Shouts of ‘fascists’ and ‘long live Belarus’ filled the streets of Minsk, Brest, Grodno, and other cities across Belarus during protests against Belarusian President Alexander Lukashenko. The protests occurred on 25 March during the celebration of the 99th anniversary of the proclamation of the Belarus People’s Republic as a result of the president’s newest decree: a tax, charmingly referred to as the ‘decree against social parasites,’ on the unemployed and those who work part-time. Lukashenko’s tax forces those who declare less than 183 days a year to pay a tax of £185 until they find work. In a country experiencing its first ever recession, job prospects and money are hard to come by. Water cannons, police brutality, and a countrywide Internet shut down ended the peaceful protest, but left the people demanding that Lukashenko leave office. The people of Belarus demand that their president resign and free the country from its corrupt and autocratic leadership to promote equality, a stable economy, and liberty throughout the country.
Described by George W. Bush as ‘Europe’s last dictator,’ Lukashenko has mimicked the repressive Soviet ruling style since 1994 when he first took office. Within the past month, the president has arrested news reporters, opposition leaders, and protestors to quell the rise of a potential revolution and maintain power. The latest incident involved a police raid of the offices of Vensa, a human rights group, which detained 30 activists as a result. In the most recent protest alone over 700 protesters and dozens of journalists were detained all because they spoke out against the president. The most famous incident involved Alex Lahvinets, who was beaten and arrested in front of his young son for protesting the current government. Human Rights Watch argues that Lahvinets was arrested under false charges and should be released along with the other peaceful protestors stating that the police should be behind bars, not the protestors. The protest on 25 March represented not only public anger towards the new tax, but resentment towards the repressive ruling style of Lukashenko.
The newest tax was introduced due to Lukashenko desperately needing money in order to pay state bills and enhance the current economy. Before imposing the tax, Lukashenko reached out to Western Europe hoping that countries would loan his state money to help reboot the economy. He even allowed some protesting to promote a more liberal image of himself, believing that would encourage financial support from abroad. Although his tactic has gained him some support, such as when the EU lifted sanctions on the regime, European ties aren’t as close as Lukashenko would like to see them. Unable to secure funds desperately needed, Lukashenko turned to his fellow citizens who barely have the funds to pay taxes. Many citizens are also sceptical about where their money is going. Many believe that instead of their tax money being invested back into the country it will be invested into ‘Zapad-2017,’ which is an agreement between the Russian and Belarusian militaries that was designed to make citizens ‘feel more secure.’ The military initiative has already receive a lot of backlash from Belarusians because they want to minimize the country’s ties to Russia in fear of becoming a satellite state under the Kremlin’s control.

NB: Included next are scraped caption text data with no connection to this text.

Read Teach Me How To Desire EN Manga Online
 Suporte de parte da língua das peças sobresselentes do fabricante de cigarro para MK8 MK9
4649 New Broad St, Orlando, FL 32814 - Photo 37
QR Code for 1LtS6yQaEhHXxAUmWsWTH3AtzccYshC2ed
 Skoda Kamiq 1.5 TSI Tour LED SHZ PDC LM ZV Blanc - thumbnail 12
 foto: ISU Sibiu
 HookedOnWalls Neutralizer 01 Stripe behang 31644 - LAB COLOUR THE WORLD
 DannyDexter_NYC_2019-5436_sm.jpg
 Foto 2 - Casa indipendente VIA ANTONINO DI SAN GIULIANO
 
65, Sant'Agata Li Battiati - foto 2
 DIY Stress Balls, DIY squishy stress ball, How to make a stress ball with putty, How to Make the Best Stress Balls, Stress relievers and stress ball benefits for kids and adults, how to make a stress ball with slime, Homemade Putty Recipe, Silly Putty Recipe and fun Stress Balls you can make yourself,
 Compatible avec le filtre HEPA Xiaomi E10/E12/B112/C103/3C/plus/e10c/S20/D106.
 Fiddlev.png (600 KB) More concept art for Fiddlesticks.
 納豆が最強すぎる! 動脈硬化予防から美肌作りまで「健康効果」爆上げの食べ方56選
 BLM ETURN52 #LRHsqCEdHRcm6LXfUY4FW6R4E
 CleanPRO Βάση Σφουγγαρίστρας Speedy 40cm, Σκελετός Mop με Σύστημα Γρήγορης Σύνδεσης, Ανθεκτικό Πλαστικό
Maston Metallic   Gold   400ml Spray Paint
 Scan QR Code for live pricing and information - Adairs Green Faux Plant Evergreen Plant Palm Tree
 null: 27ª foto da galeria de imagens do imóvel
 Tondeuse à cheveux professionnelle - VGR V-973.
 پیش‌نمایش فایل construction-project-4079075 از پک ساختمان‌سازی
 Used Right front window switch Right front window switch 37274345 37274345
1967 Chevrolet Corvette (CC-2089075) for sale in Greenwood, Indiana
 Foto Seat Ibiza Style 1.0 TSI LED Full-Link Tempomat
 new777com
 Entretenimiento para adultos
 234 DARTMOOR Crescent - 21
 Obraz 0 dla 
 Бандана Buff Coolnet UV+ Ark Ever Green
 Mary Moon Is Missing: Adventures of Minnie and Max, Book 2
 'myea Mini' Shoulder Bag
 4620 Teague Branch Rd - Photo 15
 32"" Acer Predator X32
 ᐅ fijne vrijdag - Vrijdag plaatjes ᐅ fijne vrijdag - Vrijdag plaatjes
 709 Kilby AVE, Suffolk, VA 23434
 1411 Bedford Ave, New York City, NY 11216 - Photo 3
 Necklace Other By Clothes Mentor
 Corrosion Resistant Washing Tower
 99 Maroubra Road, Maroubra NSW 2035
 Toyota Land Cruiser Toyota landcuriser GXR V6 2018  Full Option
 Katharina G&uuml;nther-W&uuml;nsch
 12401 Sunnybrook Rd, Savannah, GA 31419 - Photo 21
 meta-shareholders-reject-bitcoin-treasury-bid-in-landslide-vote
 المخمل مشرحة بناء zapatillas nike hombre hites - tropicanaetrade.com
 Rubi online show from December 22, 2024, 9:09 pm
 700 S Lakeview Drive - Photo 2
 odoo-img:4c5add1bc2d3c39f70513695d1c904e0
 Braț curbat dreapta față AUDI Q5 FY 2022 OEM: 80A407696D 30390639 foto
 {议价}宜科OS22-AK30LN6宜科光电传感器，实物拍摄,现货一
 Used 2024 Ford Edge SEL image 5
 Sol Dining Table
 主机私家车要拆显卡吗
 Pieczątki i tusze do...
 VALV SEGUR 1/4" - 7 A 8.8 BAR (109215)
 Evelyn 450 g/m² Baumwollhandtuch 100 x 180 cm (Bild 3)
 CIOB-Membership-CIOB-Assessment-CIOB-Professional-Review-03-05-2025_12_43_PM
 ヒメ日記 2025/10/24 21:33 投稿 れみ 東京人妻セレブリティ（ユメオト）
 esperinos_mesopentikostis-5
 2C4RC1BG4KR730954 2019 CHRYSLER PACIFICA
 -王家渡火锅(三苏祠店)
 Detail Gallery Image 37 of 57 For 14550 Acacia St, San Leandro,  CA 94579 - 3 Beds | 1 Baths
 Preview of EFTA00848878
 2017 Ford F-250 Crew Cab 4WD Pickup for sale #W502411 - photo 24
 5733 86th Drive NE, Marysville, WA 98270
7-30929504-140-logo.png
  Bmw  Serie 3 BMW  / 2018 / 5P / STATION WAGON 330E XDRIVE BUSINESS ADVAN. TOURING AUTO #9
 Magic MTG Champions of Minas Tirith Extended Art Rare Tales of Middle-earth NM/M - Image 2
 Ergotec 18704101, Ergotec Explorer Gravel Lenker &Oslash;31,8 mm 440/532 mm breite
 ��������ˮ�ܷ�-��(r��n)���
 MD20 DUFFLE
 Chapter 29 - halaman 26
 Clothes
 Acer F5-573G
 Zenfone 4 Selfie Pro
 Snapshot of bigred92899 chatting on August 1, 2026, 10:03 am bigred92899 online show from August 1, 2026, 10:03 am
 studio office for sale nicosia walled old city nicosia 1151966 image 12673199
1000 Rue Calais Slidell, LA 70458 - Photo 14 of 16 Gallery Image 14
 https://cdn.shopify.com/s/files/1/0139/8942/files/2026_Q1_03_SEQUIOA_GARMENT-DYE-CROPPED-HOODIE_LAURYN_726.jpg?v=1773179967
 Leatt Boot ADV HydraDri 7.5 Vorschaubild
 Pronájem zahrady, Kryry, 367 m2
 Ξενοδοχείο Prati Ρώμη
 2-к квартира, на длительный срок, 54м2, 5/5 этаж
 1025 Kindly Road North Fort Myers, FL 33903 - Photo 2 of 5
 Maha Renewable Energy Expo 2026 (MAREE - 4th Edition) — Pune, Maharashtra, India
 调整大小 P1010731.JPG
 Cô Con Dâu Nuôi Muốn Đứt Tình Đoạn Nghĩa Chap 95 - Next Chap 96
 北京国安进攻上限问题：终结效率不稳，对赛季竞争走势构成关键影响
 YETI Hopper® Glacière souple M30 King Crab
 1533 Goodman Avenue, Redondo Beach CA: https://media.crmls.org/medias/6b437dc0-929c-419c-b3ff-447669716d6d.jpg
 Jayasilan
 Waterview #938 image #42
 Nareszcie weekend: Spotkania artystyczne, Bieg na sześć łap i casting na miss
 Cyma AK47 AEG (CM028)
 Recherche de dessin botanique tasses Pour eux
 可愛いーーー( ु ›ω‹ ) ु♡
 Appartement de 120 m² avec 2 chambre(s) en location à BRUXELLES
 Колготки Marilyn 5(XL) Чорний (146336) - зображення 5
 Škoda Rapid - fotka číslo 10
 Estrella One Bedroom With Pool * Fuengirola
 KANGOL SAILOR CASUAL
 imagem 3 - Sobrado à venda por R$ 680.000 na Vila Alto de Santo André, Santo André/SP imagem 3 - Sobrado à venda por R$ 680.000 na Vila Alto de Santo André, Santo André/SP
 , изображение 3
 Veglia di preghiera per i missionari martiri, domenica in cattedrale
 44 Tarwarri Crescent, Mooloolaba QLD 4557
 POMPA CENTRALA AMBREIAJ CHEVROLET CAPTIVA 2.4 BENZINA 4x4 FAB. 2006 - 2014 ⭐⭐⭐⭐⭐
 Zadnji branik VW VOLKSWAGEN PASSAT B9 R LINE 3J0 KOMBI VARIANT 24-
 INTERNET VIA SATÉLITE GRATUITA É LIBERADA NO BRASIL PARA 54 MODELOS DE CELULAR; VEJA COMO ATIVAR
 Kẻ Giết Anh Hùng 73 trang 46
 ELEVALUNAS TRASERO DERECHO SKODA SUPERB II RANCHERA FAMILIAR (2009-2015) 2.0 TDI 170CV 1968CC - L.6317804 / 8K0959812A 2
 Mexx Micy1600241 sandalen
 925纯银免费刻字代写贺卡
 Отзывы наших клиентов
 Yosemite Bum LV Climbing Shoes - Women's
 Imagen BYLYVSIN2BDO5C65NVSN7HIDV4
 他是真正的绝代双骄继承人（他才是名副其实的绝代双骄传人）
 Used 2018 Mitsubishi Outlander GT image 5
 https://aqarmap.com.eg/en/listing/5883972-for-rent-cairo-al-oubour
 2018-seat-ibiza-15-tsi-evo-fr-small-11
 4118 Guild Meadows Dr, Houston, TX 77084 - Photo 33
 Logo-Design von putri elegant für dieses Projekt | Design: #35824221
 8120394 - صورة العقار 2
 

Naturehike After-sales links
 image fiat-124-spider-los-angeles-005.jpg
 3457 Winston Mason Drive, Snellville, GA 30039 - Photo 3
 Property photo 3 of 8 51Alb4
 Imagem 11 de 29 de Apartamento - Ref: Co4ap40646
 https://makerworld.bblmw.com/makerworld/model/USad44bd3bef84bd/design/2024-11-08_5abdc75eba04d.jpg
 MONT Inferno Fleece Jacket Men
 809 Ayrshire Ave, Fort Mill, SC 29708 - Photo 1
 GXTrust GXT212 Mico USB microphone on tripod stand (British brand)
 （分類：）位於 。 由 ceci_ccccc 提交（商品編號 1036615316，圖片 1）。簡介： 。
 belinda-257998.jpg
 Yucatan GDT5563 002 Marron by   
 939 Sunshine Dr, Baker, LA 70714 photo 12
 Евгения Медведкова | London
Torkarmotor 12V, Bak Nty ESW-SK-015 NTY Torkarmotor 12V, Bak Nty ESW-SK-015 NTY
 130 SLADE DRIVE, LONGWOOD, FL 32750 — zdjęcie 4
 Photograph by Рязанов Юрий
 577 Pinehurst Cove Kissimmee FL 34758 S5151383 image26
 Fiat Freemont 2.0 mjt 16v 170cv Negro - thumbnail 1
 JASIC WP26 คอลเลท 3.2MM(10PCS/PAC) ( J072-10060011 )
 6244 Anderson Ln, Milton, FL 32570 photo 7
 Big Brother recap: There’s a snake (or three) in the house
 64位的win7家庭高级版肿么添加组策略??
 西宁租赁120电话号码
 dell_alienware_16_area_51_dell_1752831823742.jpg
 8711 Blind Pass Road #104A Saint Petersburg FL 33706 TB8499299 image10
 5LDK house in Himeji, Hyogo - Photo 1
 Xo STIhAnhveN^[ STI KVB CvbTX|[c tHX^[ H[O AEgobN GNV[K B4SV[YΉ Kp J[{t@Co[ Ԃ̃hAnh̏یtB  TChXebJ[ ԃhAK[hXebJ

A desire to promote real change within their country prompted the Belarusians to protest against their repressive leader and take to the streets. Although the most recent protest was regarding a tax, the protest represented an overarching desire for governmental change. The Belarusians are tired of having a single leader and long for a government system in which the elected officials represent the people. They hope to create a government where corruption-free elections are held and foreign governments oversee them to ensure their legitimacy. The protests will surely grow and continue until the current leader is gone.
As one of the largest protests in the past several years, the demonstration on 25 March represented a turning point in Belarusian politics. The government’s actions of beating citizens, carrying away the elderly, and detaining opposition leaders and foreign journalists have acted as the catalyst for Belarusians to continue the fight. Lukashenko has ruled long enough that even his promises of a vast social welfare system no longer guarantee immunity. The Belarusians need a leader who will put citizens’ desires first and help foster a system of social liberty and economic success. Living through a recession and a repressive dictator has already taken a toll on both the citizens and the country; change is necessary. The Belarusians have taken matters into their own hands and made a point of wanting more from their leader. As stated by a female protestor, ‘To join is frightening, not to join is shameful.’